((

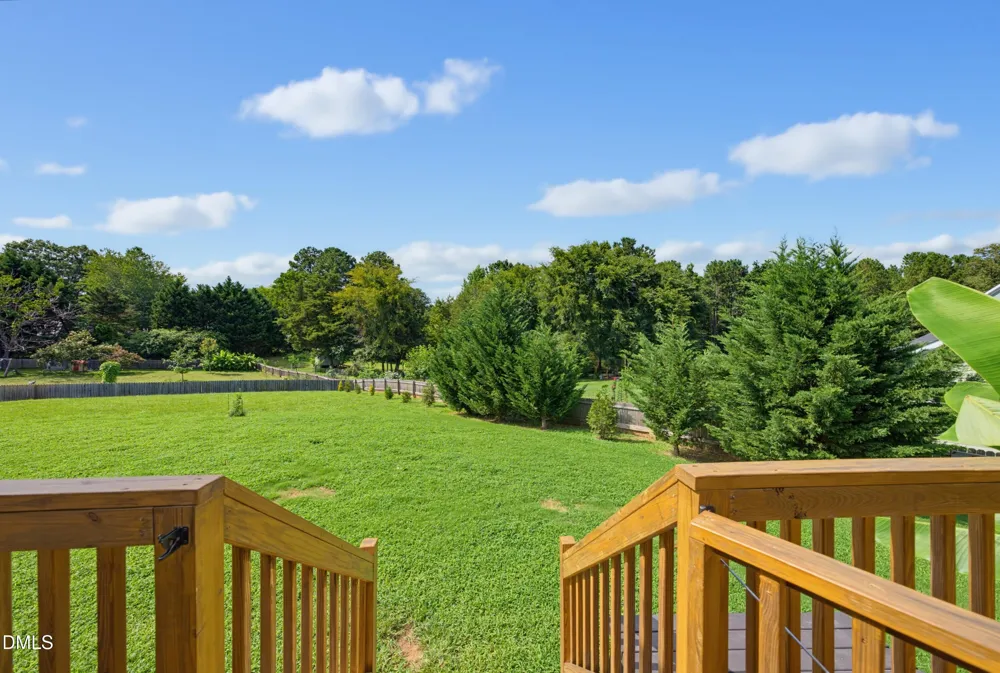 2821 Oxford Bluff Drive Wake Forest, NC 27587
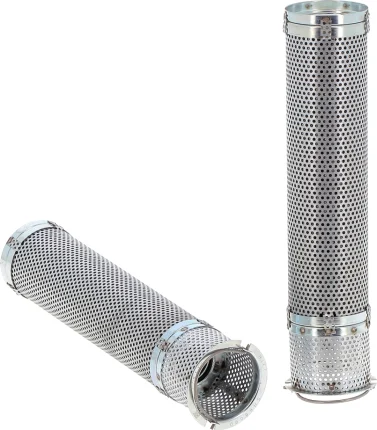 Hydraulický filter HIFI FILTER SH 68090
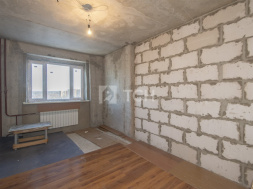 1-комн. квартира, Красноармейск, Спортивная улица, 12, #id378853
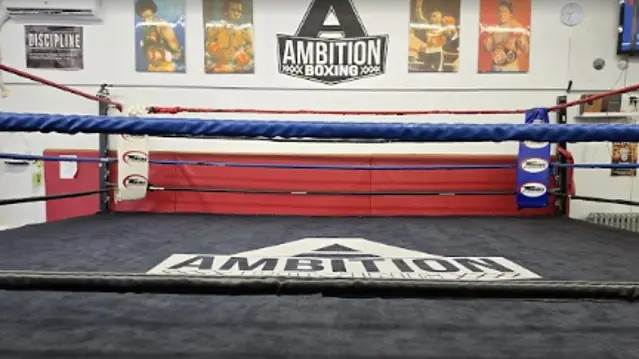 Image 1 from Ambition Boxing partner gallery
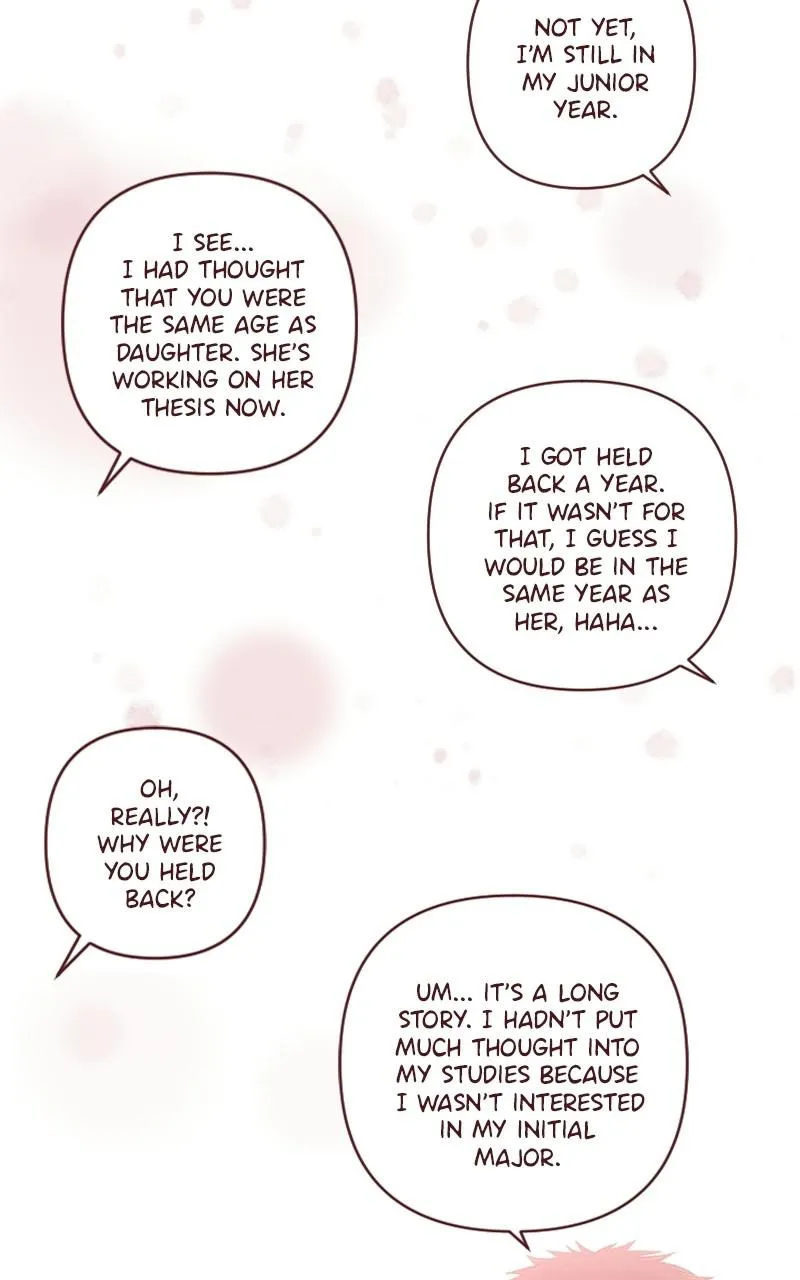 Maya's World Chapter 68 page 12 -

))

*PROBLEM TO WORK ON*
Repeat the preceding records precisely, and leave every picture out of the copy.

*ANSWER*
 2821 Oxford Bluff Drive Wake Forest, NC 27587
 Hydraulický filter HIFI FILTER SH 68090
 1-комн. квартира, Красноармейск, Спортивная улица, 12, #id378853
 Image 1 from Ambition Boxing partner gallery
 Maya's World Chapter 68 page 12 -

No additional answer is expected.